When Shereen, a budding small businesswoman and micro-loan recipient, said these words to our staff, what stood out was her mention of preparing for her daughter’s marriage.

As we look ahead to launching a new round of micro-loans in March though our B’edaya microfinance initiative, I’m struck by how Shereen’s words show that just a bit of capital can change the life of a female entrepreneur. Her family members also feel the positive impact, with potentially life-changing results.

Her observation particularly sticks in my mind because, with economic hardships rising sharply in Egypt, Coptic Orphans field staff have noticed a serious increase in young girls being married off early. They usually end up in that situation because families – particularly those without male heads of household, whom this project serves – can’t cope with feeding “extra” mouths.

Early marriage, as anyone who’s familiar with it knows, can devastate the life of a child. The repercussions for a girl’s health, education, economic security, and happiness can be impossible to overcome.

As just one example of early marriage’s traumatic outcomes, a 2014 study by the American University in Cairo’s Social Research Center, in partnership with the Ford Foundation, found that 27% of women who were married before they turned 18 had been physically abused by their husbands.  

So the ability to prepare for a daughter’s marriage, as Shereen points to with pride, is hugely important.  

Widowed mothers who are able to start or build up their small business with micro-loans are able to do something that’s almost impossible without financial stability: prepare for the future.  In Shereen’s case, that translates into being able to get ready for her daughter’s marriage, rather than being pushed headlong into arrangements that her whole family may later regret.

These are the kinds of results we count on from the micro-loans. As important as they are to filling stomachs with food and bank accounts with savings, the biggest changes often become apparent over time. The girl who doesn’t get forced into early marriage, the mother who feels her own self-worth — those are the real payoffs.  

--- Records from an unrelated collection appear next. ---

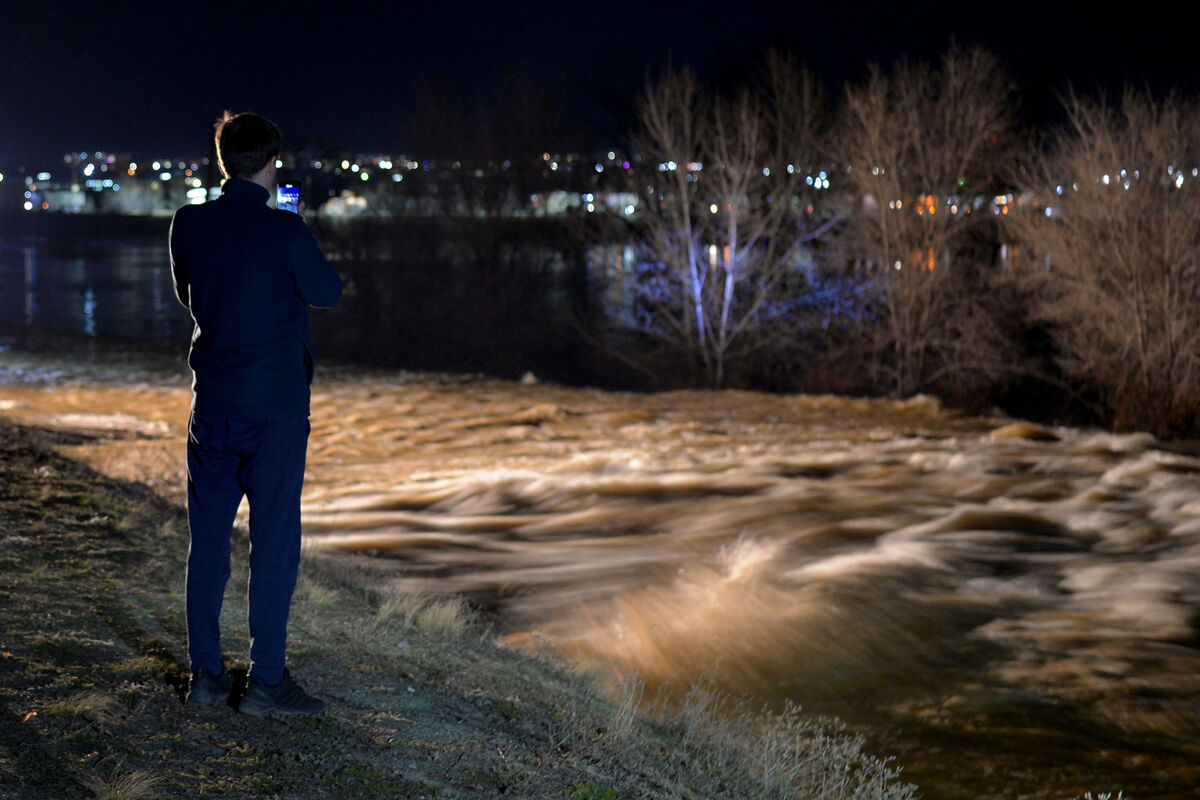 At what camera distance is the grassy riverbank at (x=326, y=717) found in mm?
4230

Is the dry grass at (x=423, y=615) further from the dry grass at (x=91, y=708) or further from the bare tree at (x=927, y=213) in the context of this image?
the bare tree at (x=927, y=213)

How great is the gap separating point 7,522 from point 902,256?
26534 millimetres

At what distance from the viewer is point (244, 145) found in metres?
4.37

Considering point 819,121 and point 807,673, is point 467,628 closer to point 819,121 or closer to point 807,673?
point 807,673

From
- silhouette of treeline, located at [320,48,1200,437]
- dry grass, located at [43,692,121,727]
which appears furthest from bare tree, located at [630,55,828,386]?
dry grass, located at [43,692,121,727]

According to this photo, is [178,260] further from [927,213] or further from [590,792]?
[927,213]

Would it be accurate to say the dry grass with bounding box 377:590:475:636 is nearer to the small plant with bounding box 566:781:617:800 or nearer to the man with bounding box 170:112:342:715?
the small plant with bounding box 566:781:617:800

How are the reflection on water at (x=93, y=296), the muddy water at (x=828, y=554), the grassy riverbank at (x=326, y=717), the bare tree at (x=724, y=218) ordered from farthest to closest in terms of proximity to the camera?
the reflection on water at (x=93, y=296)
the bare tree at (x=724, y=218)
the muddy water at (x=828, y=554)
the grassy riverbank at (x=326, y=717)

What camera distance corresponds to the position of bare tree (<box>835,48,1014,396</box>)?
3067 centimetres

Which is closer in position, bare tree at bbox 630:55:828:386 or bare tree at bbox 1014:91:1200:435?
bare tree at bbox 1014:91:1200:435

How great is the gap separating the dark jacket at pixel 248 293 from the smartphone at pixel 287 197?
184 millimetres

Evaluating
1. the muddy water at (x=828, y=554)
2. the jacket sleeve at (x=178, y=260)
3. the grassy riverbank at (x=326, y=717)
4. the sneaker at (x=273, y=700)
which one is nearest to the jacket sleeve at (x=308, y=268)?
the jacket sleeve at (x=178, y=260)

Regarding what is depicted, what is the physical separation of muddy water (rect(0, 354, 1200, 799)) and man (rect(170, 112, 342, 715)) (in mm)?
4128

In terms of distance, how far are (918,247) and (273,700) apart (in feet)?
94.4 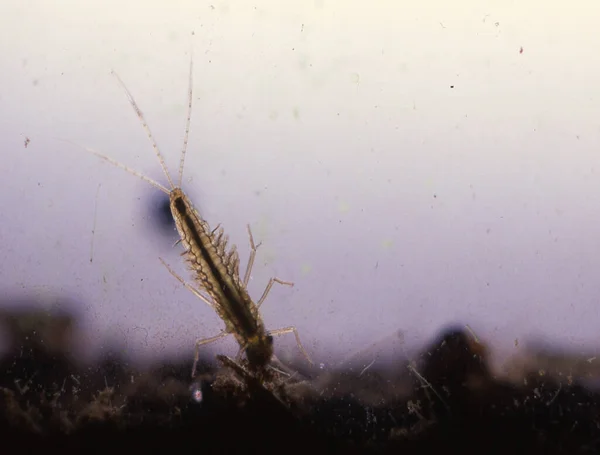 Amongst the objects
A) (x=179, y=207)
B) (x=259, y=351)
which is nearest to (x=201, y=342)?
(x=259, y=351)

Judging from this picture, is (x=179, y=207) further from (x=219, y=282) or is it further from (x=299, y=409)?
(x=299, y=409)

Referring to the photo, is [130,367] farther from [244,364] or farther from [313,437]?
[313,437]

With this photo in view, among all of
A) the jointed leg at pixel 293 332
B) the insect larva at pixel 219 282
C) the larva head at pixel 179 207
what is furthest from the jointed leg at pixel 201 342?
the larva head at pixel 179 207

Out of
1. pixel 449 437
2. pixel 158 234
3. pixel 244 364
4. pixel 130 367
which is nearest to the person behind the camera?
pixel 449 437

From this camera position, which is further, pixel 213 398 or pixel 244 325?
pixel 244 325

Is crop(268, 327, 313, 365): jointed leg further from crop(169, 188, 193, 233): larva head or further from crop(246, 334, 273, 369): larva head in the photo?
crop(169, 188, 193, 233): larva head

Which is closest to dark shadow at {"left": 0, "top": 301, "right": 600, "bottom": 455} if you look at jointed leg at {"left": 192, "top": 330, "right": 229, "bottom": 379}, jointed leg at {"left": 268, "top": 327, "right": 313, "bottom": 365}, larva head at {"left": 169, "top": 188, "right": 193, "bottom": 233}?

We’ve had fantastic applications for the upcoming round of this project, and we plan to disburse these 0% interest micro-loans to coincide with Mothers Day and International Women’s Day in March. I look forward to sharing details of some of the new business projects we’ll be supporting in the months ahead.

For now, we’re grateful for your support, and we continue to count on it to achieve the results Shereen speaks of. We believe in mothers who can prepare for the future, and in freeing young girls from early marriage!